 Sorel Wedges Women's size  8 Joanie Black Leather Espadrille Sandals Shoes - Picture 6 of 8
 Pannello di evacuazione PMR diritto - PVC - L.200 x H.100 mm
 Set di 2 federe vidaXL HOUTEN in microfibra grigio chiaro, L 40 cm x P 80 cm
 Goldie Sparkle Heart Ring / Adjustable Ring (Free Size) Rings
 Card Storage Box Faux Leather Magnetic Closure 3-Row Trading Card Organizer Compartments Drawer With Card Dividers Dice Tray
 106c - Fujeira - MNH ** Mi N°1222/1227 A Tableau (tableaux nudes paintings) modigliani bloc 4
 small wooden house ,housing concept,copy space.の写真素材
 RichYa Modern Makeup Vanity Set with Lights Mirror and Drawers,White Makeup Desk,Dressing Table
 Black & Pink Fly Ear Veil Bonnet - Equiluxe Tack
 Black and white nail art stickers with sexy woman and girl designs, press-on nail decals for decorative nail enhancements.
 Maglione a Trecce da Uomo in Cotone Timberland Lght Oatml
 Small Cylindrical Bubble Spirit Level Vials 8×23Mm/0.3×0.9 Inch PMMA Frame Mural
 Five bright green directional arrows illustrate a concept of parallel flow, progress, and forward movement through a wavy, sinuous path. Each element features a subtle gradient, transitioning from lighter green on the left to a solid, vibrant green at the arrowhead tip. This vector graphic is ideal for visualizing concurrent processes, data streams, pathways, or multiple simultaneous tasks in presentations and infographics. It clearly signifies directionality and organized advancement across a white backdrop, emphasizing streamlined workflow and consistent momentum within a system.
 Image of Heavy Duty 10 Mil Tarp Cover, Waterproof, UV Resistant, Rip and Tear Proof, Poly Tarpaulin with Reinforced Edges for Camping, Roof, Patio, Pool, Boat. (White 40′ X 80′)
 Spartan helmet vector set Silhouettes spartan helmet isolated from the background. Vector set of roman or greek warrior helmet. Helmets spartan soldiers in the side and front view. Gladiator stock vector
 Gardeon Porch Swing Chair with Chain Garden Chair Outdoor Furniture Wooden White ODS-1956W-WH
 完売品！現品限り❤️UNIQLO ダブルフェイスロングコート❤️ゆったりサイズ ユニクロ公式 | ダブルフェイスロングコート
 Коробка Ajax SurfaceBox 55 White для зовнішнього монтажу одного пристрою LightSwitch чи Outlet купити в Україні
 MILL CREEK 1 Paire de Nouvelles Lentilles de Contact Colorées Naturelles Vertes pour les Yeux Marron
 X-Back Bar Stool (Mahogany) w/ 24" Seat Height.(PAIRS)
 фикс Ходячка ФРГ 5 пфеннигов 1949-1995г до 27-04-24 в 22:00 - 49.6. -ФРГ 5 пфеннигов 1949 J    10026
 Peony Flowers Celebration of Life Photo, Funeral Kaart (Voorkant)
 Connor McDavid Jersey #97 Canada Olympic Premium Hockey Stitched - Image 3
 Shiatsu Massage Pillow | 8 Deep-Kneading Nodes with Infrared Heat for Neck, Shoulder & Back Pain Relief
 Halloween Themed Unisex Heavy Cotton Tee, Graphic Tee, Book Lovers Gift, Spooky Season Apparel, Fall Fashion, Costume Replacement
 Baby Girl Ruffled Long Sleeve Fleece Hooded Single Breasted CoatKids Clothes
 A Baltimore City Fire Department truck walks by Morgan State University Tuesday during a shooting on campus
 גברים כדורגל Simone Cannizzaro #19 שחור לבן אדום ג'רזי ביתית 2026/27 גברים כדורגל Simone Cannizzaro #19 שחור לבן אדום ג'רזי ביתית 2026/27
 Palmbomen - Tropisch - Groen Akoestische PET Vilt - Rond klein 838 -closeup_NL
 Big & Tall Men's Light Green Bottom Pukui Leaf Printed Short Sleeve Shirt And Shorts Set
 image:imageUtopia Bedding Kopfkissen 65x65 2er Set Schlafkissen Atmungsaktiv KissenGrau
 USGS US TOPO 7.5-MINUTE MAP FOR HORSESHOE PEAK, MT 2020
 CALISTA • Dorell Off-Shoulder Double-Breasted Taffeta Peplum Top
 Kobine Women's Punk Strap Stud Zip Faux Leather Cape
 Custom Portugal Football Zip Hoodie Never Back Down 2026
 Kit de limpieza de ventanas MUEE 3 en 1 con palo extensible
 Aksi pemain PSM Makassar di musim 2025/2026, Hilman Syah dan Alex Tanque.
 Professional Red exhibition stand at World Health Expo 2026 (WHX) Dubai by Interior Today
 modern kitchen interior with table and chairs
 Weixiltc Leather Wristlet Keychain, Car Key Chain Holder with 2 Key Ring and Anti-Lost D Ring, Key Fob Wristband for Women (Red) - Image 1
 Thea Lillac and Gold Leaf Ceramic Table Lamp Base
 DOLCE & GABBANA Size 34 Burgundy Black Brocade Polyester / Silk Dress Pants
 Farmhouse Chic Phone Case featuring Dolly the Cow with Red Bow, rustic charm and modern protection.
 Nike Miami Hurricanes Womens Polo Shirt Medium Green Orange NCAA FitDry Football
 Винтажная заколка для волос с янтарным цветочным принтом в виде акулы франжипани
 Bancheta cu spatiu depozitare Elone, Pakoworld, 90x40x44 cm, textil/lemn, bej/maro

_ _ _ _ _ _ _

Give back every line of the data exactly.

 Sorel Wedges Women's size  8 Joanie Black Leather Espadrille Sandals Shoes - Picture 6 of 8
 Pannello di evacuazione PMR diritto - PVC - L.200 x H.100 mm
 Set di 2 federe vidaXL HOUTEN in microfibra grigio chiaro, L 40 cm x P 80 cm
 Goldie Sparkle Heart Ring / Adjustable Ring (Free Size) Rings
 Card Storage Box Faux Leather Magnetic Closure 3-Row Trading Card Organizer Compartments Drawer With Card Dividers Dice Tray
 106c - Fujeira - MNH ** Mi N°1222/1227 A Tableau (tableaux nudes paintings) modigliani bloc 4
 small wooden house ,housing concept,copy space.の写真素材
 RichYa Modern Makeup Vanity Set with Lights Mirror and Drawers,White Makeup Desk,Dressing Table
 Black & Pink Fly Ear Veil Bonnet - Equiluxe Tack
 Black and white nail art stickers with sexy woman and girl designs, press-on nail decals for decorative nail enhancements.
 Maglione a Trecce da Uomo in Cotone Timberland Lght Oatml
 Small Cylindrical Bubble Spirit Level Vials 8×23Mm/0.3×0.9 Inch PMMA Frame Mural
 Five bright green directional arrows illustrate a concept of parallel flow, progress, and forward movement through a wavy, sinuous path. Each element features a subtle gradient, transitioning from lighter green on the left to a solid, vibrant green at the arrowhead tip. This vector graphic is ideal for visualizing concurrent processes, data streams, pathways, or multiple simultaneous tasks in presentations and infographics. It clearly signifies directionality and organized advancement across a white backdrop, emphasizing streamlined workflow and consistent momentum within a system.
 Image of Heavy Duty 10 Mil Tarp Cover, Waterproof, UV Resistant, Rip and Tear Proof, Poly Tarpaulin with Reinforced Edges for Camping, Roof, Patio, Pool, Boat. (White 40′ X 80′)
 Spartan helmet vector set Silhouettes spartan helmet isolated from the background. Vector set of roman or greek warrior helmet. Helmets spartan soldiers in the side and front view. Gladiator stock vector
 Gardeon Porch Swing Chair with Chain Garden Chair Outdoor Furniture Wooden White ODS-1956W-WH
 完売品！現品限り❤️UNIQLO ダブルフェイスロングコート❤️ゆったりサイズ ユニクロ公式 | ダブルフェイスロングコート
 Коробка Ajax SurfaceBox 55 White для зовнішнього монтажу одного пристрою LightSwitch чи Outlet купити в Україні
 MILL CREEK 1 Paire de Nouvelles Lentilles de Contact Colorées Naturelles Vertes pour les Yeux Marron
 X-Back Bar Stool (Mahogany) w/ 24" Seat Height.(PAIRS)
 фикс Ходячка ФРГ 5 пфеннигов 1949-1995г до 27-04-24 в 22:00 - 49.6. -ФРГ 5 пфеннигов 1949 J    10026
 Peony Flowers Celebration of Life Photo, Funeral Kaart (Voorkant)
 Connor McDavid Jersey #97 Canada Olympic Premium Hockey Stitched - Image 3
 Shiatsu Massage Pillow | 8 Deep-Kneading Nodes with Infrared Heat for Neck, Shoulder & Back Pain Relief
 Halloween Themed Unisex Heavy Cotton Tee, Graphic Tee, Book Lovers Gift, Spooky Season Apparel, Fall Fashion, Costume Replacement
 Baby Girl Ruffled Long Sleeve Fleece Hooded Single Breasted CoatKids Clothes
 A Baltimore City Fire Department truck walks by Morgan State University Tuesday during a shooting on campus
 גברים כדורגל Simone Cannizzaro #19 שחור לבן אדום ג'רזי ביתית 2026/27 גברים כדורגל Simone Cannizzaro #19 שחור לבן אדום ג'רזי ביתית 2026/27
 Palmbomen - Tropisch - Groen Akoestische PET Vilt - Rond klein 838 -closeup_NL
 Big & Tall Men's Light Green Bottom Pukui Leaf Printed Short Sleeve Shirt And Shorts Set
 image:imageUtopia Bedding Kopfkissen 65x65 2er Set Schlafkissen Atmungsaktiv KissenGrau
 USGS US TOPO 7.5-MINUTE MAP FOR HORSESHOE PEAK, MT 2020
 CALISTA • Dorell Off-Shoulder Double-Breasted Taffeta Peplum Top
 Kobine Women's Punk Strap Stud Zip Faux Leather Cape
 Custom Portugal Football Zip Hoodie Never Back Down 2026
 Kit de limpieza de ventanas MUEE 3 en 1 con palo extensible
 Aksi pemain PSM Makassar di musim 2025/2026, Hilman Syah dan Alex Tanque.
 Professional Red exhibition stand at World Health Expo 2026 (WHX) Dubai by Interior Today
 modern kitchen interior with table and chairs
 Weixiltc Leather Wristlet Keychain, Car Key Chain Holder with 2 Key Ring and Anti-Lost D Ring, Key Fob Wristband for Women (Red) - Image 1
 Thea Lillac and Gold Leaf Ceramic Table Lamp Base
 DOLCE & GABBANA Size 34 Burgundy Black Brocade Polyester / Silk Dress Pants
 Farmhouse Chic Phone Case featuring Dolly the Cow with Red Bow, rustic charm and modern protection.
 Nike Miami Hurricanes Womens Polo Shirt Medium Green Orange NCAA FitDry Football
 Винтажная заколка для волос с янтарным цветочным принтом в виде акулы франжипани
 Bancheta cu spatiu depozitare Elone, Pakoworld, 90x40x44 cm, textil/lemn, bej/maro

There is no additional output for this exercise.